[Stored records]
•••••
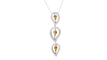 Collier Collier en or blanc 18 kt avec citrines et diamants 58 Facettes 32805b
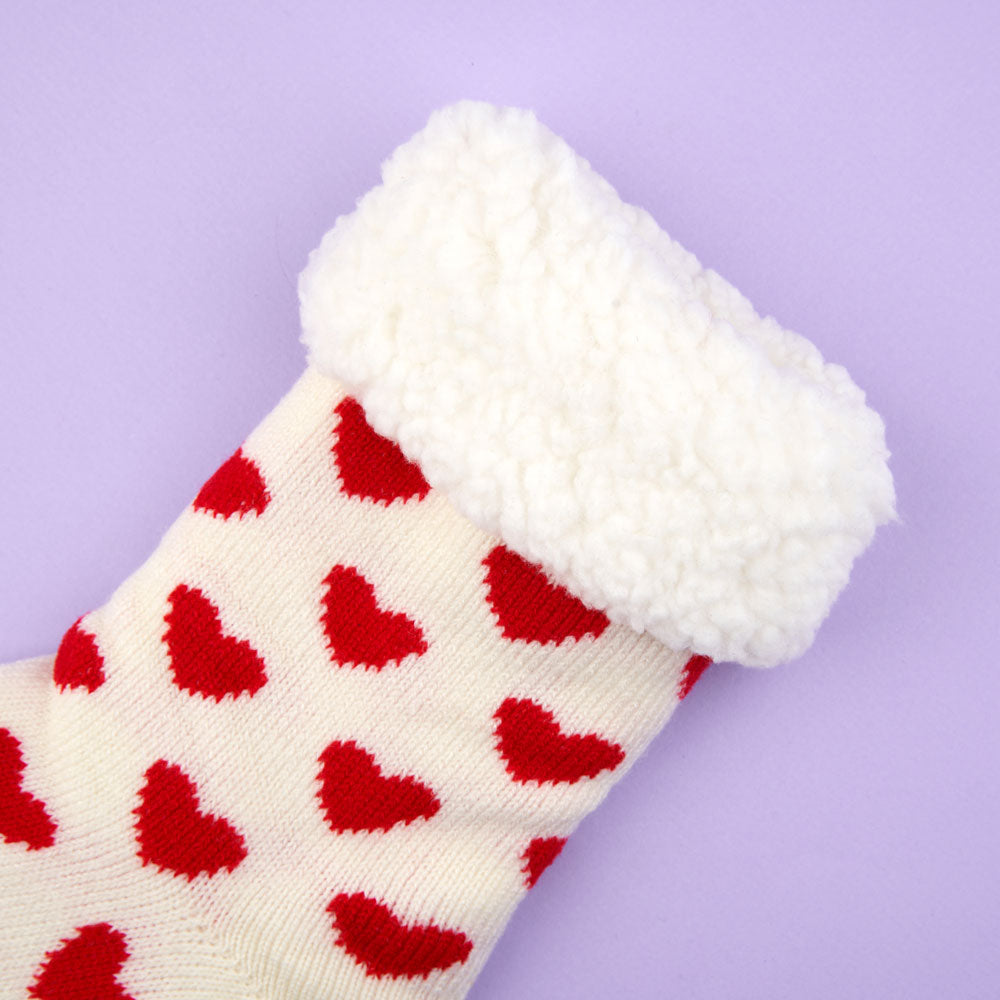 Heart Slipper Socks
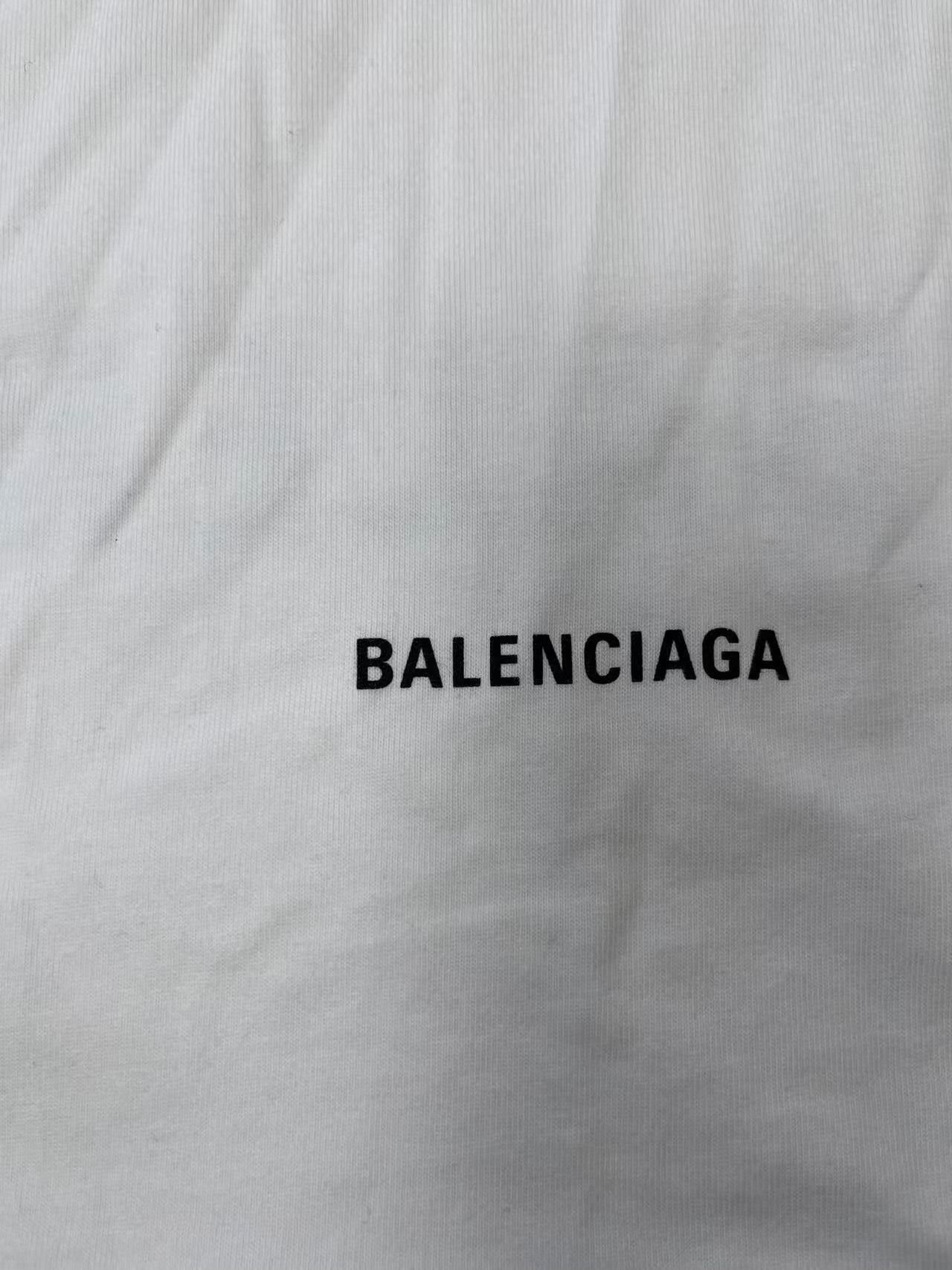 Balenciaga Balenciaga Logo Print T-Shirt XS Size US XS / EU 42 / 0 - 4 Thumbnail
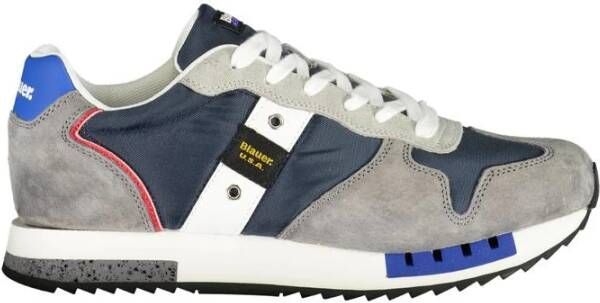 Blauer Veelzijdige Herensneakers voor Stijlupgrade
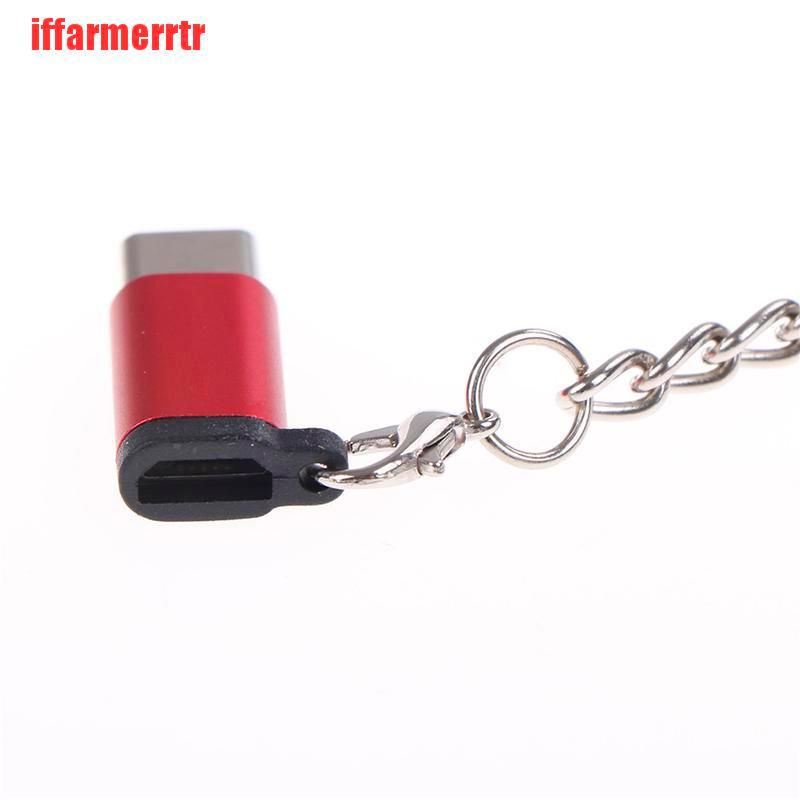 Đầu Chuyển Đổi Usb Type C Sang Micro Usb Bằng Nhôm Có Móc Khóa Tiện Dụng | BigBuy360 - bigbuy360.vn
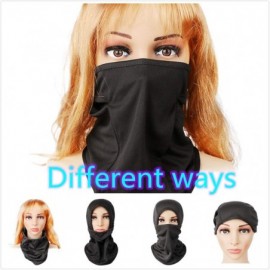 Balaclavas Neck Gaiters Balaclavas Face Mask Face Bandana Motorcycle Face Scarf for Men Women - 3pc - C618GTQHERX $9.70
•••••
Exercise |
Exclude all pictures and reproduce verbatim the lines running from the line that contains "Blauer Veelzijdige Herensneakers" to the end of the data above, both ends included.

Answer |
 Blauer Veelzijdige Herensneakers voor Stijlupgrade
 Đầu Chuyển Đổi Usb Type C Sang Micro Usb Bằng Nhôm Có Móc Khóa Tiện Dụng | BigBuy360 - bigbuy360.vn
 Balaclavas Neck Gaiters Balaclavas Face Mask Face Bandana Motorcycle Face Scarf for Men Women - 3pc - C618GTQHERX $9.70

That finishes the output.